Could the records be returned exactly, with the pictures left out?

Short text fragments from websites
"""

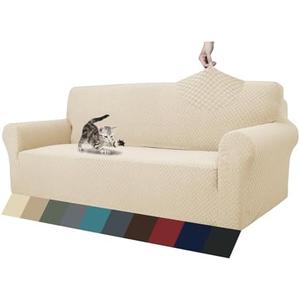 ZNSAYOTX 1 Piece Jacquard Couch Covers for 3 Cushion Couch Living Room High Stretch Sofa Cover Pets Dogs Friendly Anti Slip Thickened Slipcovers Furniture Protector (Sofa, Light Biege)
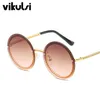Sonnenbrille Luxus Übergroße Runde Frauen Retro Marke Designer Kette Metall Rahmen CHIC Sonnenbrille Für Weibliche UV400 Oculos Brillen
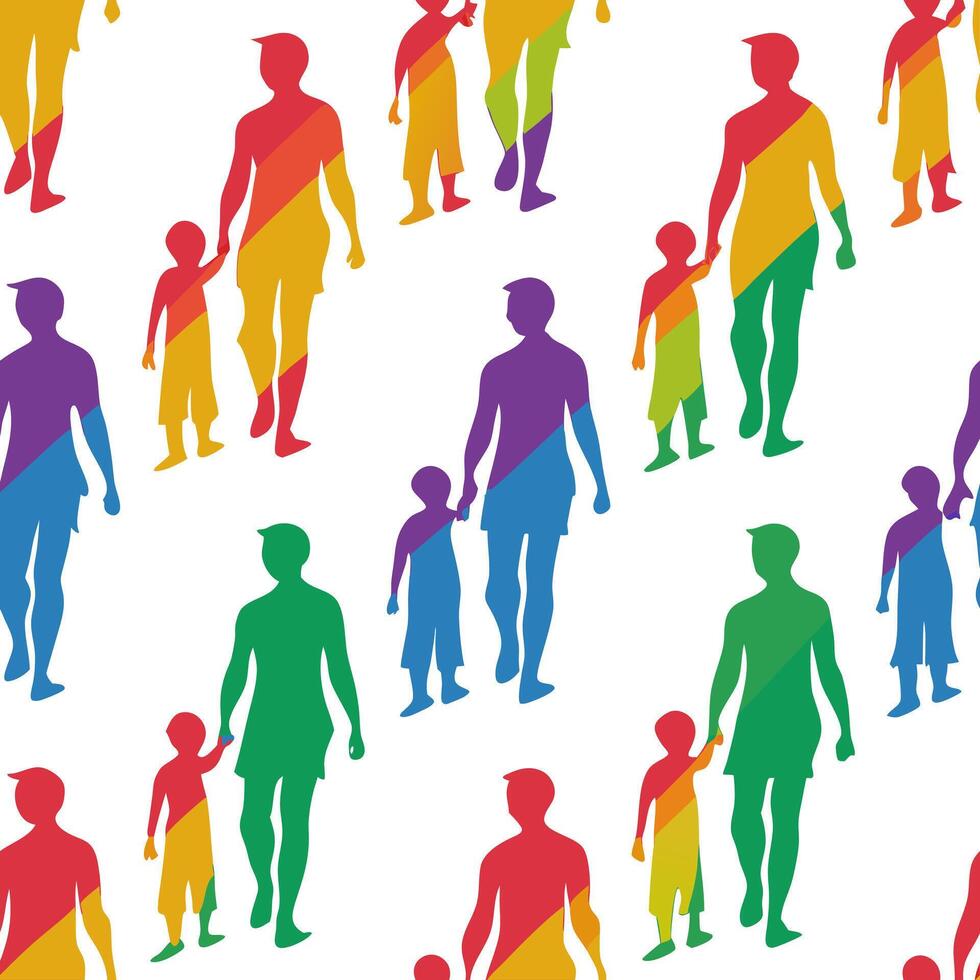 Glossy Family Diversity Silhouette Background concept as A vibrant background with glossy silhouettes of diverse families seamlessly blended with abstract colors The glossy theme Clean Pro 2 vector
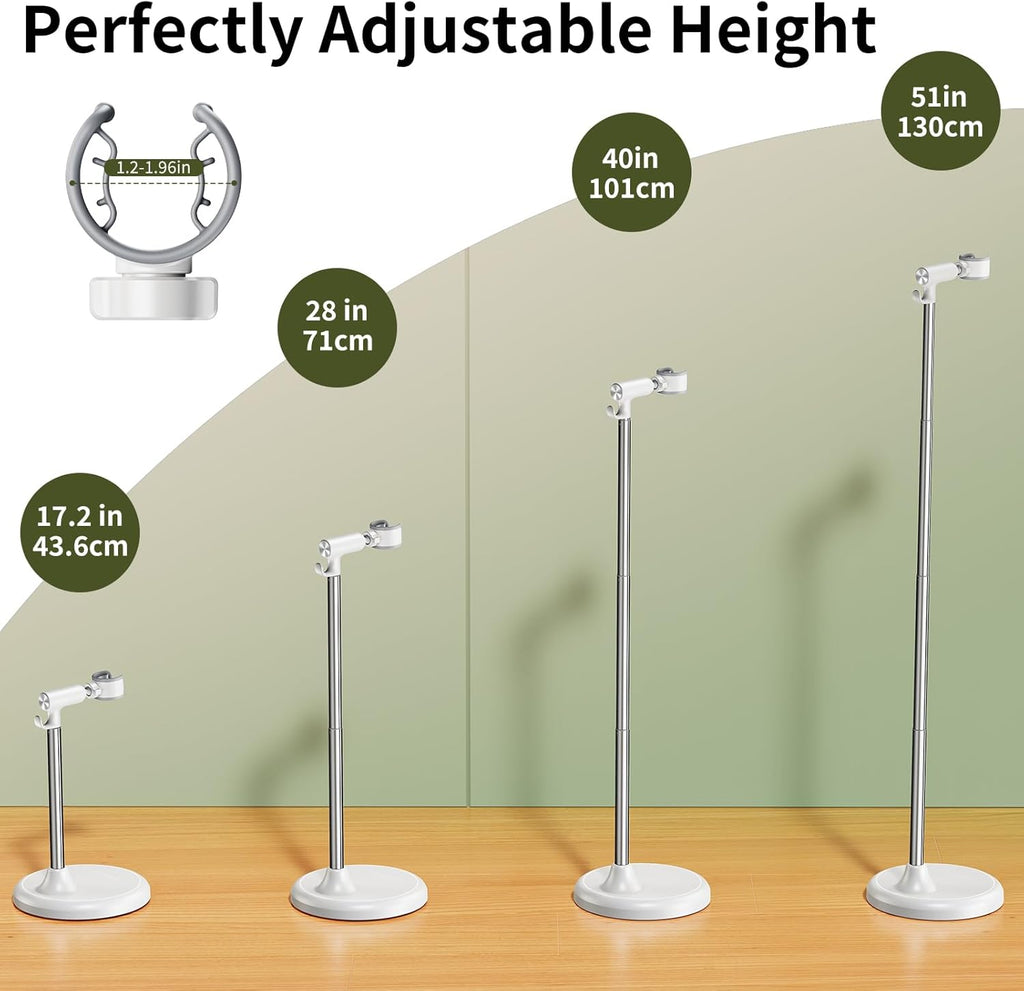Hair Dryer Stand Hands-Free Adjustable Height Aluminum Alloy 360° Rotating Holder

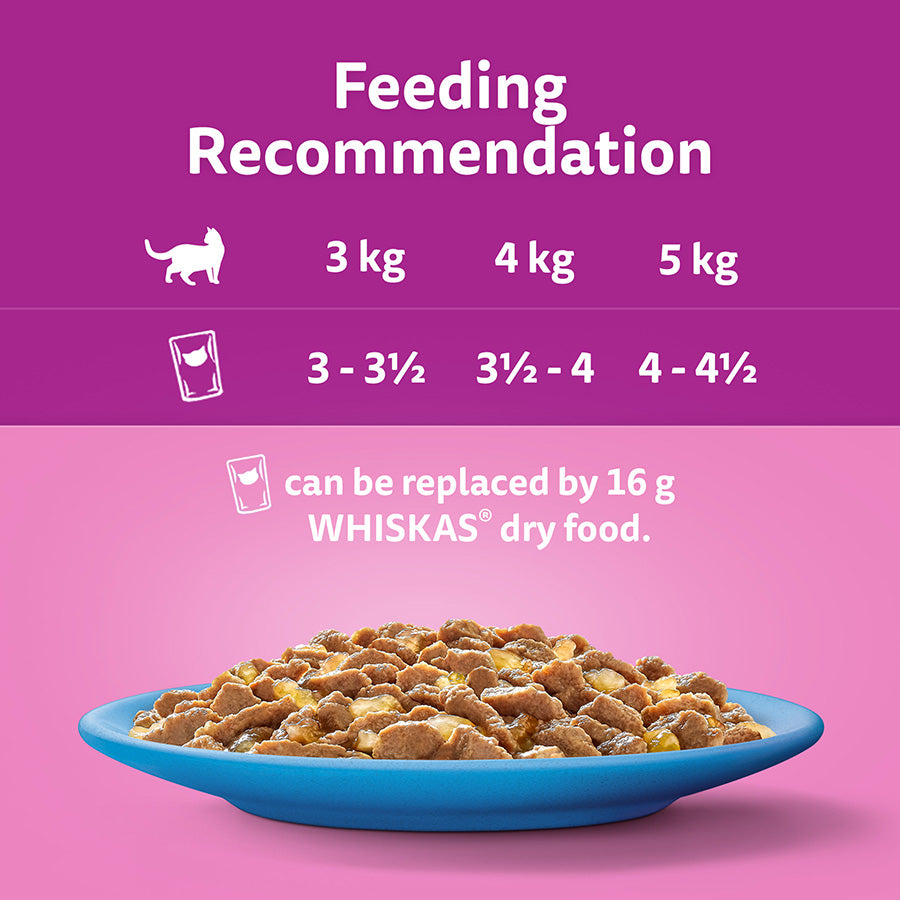 Whiskas 7+ Senior Wet Cat Food Fish Favourites in Jelly, (12 x 85g) x 4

"""

» **EXERCISE SOLUTION**:
 ZNSAYOTX 1 Piece Jacquard Couch Covers for 3 Cushion Couch Living Room High Stretch Sofa Cover Pets Dogs Friendly Anti Slip Thickened Slipcovers Furniture Protector (Sofa, Light Biege)
Sonnenbrille Luxus Übergroße Runde Frauen Retro Marke Designer Kette Metall Rahmen CHIC Sonnenbrille Für Weibliche UV400 Oculos Brillen
 Glossy Family Diversity Silhouette Background concept as A vibrant background with glossy silhouettes of diverse families seamlessly blended with abstract colors The glossy theme Clean Pro 2 vector
Hair Dryer Stand Hands-Free Adjustable Height Aluminum Alloy 360° Rotating Holder

 Whiskas 7+ Senior Wet Cat Food Fish Favourites in Jelly, (12 x 85g) x 4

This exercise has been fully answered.